▸ **Task details**
Line by line, copy the entries exactly, excluding the pictures.

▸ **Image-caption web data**

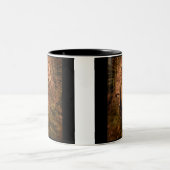 森林女神 ツートーンマグカップ (中央)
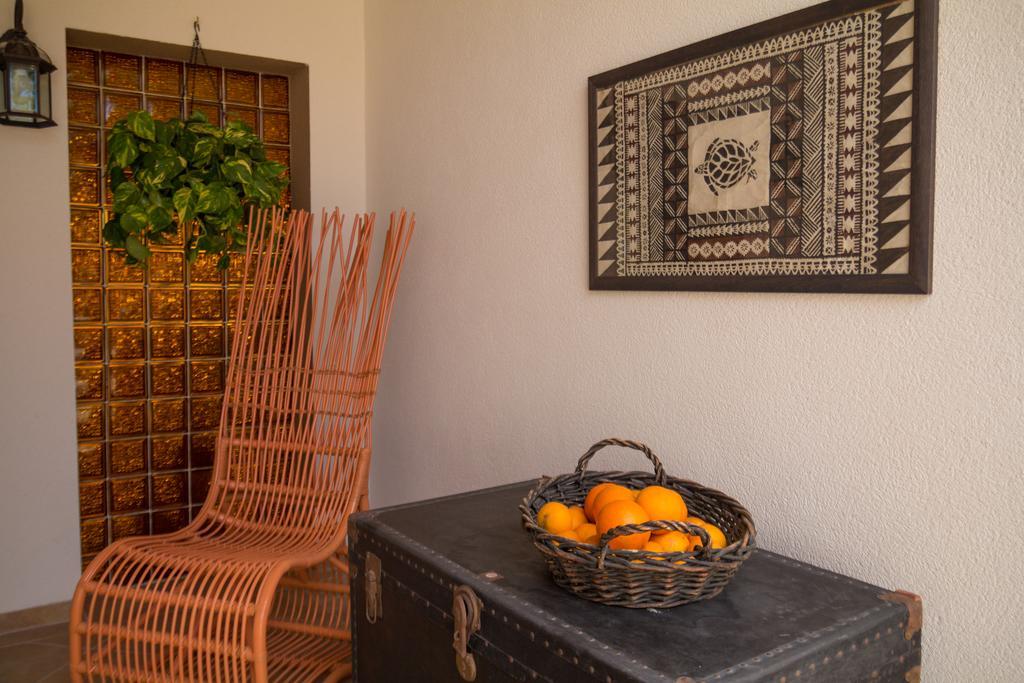 Azul Rentals Villa Albir El Albir Εξωτερικό φωτογραφία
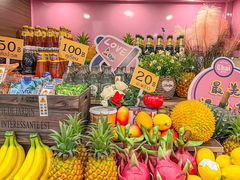 -泰妃殿(武汉首店)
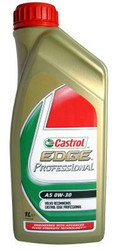 ������ �������� ����� Castrol EDGE Professional A5 0W-30 Volvo ������� 4008177073564 - inomarca.kz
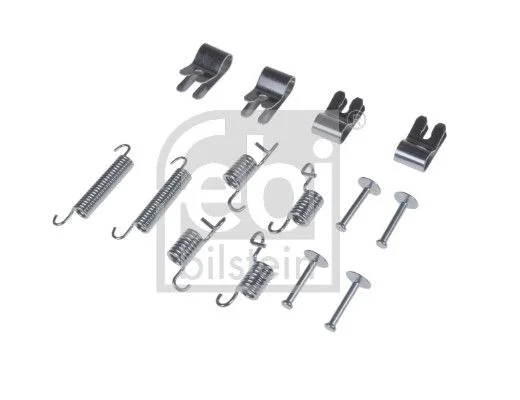 Kit de acessórios, sapatas de travão FEBI BILSTEIN 182825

▸ **Written response**
 森林女神 ツートーンマグカップ (中央)
 Azul Rentals Villa Albir El Albir Εξωτερικό φωτογραφία
 -泰妃殿(武汉首店)
 ������ �������� ����� Castrol EDGE Professional A5 0W-30 Volvo ������� 4008177073564 - inomarca.kz
 Kit de acessórios, sapatas de travão FEBI BILSTEIN 182825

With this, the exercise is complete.